If 5 times the 5th term of an
a.P. Is equal to 7 times the 7th term , then the 12th term of the
a.P. Will be?
Answers
Answer:
ans-0
Step-by-step explanation:
5(a5)=7(a7)
5{a+(n-1)d}=7{a+(n-1)d}
5{a+(5-1)d}=7{a+(7-1)d}
5(a+4d)=7(a+6d)
5a+20d=7a+42d
5a-7a=42d-20d
-2a=22d
a=22d/-2
a= -11d-------(1)
then,
a12=a+(n-1)d
=a+(12-1)d
=a+11d
= -11d +11d [from eq. 1]
a12=0
Given:
In an Arithmetic progression, the value of the 5 times the 5th term is equal to the value of 7 times the 7th term.
To Find:
The value of the 12th term will be?
Solution:
The given problem can be solved using the concepts of Arithmetic Progression.

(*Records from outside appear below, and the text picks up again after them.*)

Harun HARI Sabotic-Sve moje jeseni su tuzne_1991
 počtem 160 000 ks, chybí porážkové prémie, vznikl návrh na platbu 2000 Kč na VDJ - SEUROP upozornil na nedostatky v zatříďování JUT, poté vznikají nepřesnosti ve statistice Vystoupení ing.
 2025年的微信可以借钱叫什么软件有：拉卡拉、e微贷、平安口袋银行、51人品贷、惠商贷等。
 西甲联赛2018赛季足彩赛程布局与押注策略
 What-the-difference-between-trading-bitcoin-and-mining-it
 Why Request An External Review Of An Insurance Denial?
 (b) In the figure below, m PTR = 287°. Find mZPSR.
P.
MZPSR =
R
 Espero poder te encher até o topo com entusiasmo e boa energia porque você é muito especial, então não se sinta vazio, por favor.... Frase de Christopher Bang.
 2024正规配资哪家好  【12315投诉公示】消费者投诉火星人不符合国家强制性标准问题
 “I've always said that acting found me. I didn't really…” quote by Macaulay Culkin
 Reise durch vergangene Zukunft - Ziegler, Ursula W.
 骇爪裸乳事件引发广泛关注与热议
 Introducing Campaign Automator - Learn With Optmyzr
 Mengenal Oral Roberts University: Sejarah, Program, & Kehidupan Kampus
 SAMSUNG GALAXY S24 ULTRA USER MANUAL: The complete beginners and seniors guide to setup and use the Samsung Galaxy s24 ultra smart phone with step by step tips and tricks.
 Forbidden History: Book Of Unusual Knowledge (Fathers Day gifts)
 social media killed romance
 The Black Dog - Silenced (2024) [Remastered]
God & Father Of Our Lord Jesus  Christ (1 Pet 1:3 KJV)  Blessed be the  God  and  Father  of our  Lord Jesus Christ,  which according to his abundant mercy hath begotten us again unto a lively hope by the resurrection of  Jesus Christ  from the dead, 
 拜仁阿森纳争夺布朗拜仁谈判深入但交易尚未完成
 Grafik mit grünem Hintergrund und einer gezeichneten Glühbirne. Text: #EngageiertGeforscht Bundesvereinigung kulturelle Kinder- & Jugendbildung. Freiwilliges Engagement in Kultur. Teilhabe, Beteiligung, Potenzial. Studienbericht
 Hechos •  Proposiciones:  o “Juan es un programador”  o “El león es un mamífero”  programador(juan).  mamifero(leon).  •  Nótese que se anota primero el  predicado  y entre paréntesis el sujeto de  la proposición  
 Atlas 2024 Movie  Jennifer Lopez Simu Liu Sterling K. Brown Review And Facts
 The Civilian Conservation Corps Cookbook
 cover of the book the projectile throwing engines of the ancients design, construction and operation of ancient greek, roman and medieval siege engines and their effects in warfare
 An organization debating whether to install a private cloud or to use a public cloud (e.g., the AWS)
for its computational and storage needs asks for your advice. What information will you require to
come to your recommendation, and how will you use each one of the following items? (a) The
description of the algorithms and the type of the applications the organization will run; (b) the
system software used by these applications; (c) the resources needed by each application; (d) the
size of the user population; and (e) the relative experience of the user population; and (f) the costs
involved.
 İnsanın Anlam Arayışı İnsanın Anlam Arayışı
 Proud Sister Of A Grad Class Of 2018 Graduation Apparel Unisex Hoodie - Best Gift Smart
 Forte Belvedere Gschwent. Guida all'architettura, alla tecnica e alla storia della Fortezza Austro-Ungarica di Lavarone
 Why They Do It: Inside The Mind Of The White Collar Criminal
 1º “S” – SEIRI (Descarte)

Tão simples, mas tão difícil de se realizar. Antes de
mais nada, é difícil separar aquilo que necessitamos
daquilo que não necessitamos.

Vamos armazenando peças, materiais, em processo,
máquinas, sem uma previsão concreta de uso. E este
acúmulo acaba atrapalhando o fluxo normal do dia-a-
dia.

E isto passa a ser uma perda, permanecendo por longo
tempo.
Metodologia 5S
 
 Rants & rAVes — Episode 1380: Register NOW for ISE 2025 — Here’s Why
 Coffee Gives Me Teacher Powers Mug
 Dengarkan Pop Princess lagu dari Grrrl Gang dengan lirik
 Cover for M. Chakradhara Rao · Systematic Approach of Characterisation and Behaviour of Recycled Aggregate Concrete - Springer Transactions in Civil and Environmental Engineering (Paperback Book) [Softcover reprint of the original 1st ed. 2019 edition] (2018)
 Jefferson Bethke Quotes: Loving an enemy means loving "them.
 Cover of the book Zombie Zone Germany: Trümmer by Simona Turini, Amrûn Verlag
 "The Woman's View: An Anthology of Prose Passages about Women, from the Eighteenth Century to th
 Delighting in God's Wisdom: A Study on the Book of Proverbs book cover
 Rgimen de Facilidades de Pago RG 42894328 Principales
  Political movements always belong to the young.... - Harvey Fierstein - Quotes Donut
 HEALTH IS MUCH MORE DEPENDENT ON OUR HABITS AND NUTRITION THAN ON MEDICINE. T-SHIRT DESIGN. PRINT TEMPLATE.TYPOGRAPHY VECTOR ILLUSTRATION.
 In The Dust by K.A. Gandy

1. The nth term of an A.P with the first term as a Common difference as d, and the number of terms n is given by the formula:
=> nth term of an A.P = Tn = a + (n-1)d.
2. The value of the 7th term and the 5th term can be calculated by using the above formula,
=> 5th term = a + 4d,
=> 7th term = a + 6d.
3. 5 times the 5th term is equal to 7 times the 7th term. Hence the equation will be,
=> 5( a + 4d ) = 7 ( a + 6d ),
=> 5a + 20d = 7a + 42d,
=> 7a - 5a + 42d - 20d = 0,
=> 2a + 22d = 0,
=> 2(a + 11d) = 0,
=> a + 11d = 0,
=> a = -11d. ( Asume as equation 1 )
4. The value of the 12th term can be obtained using the above relation.
=> t12 = a + (12-1)d,
=> t12 = a + 11d,
=> t12 = -11d + 11d. ( Since a = -11d ),
=> t12 = 0.
Therefore, the value of the 12th term of the A.P is 0.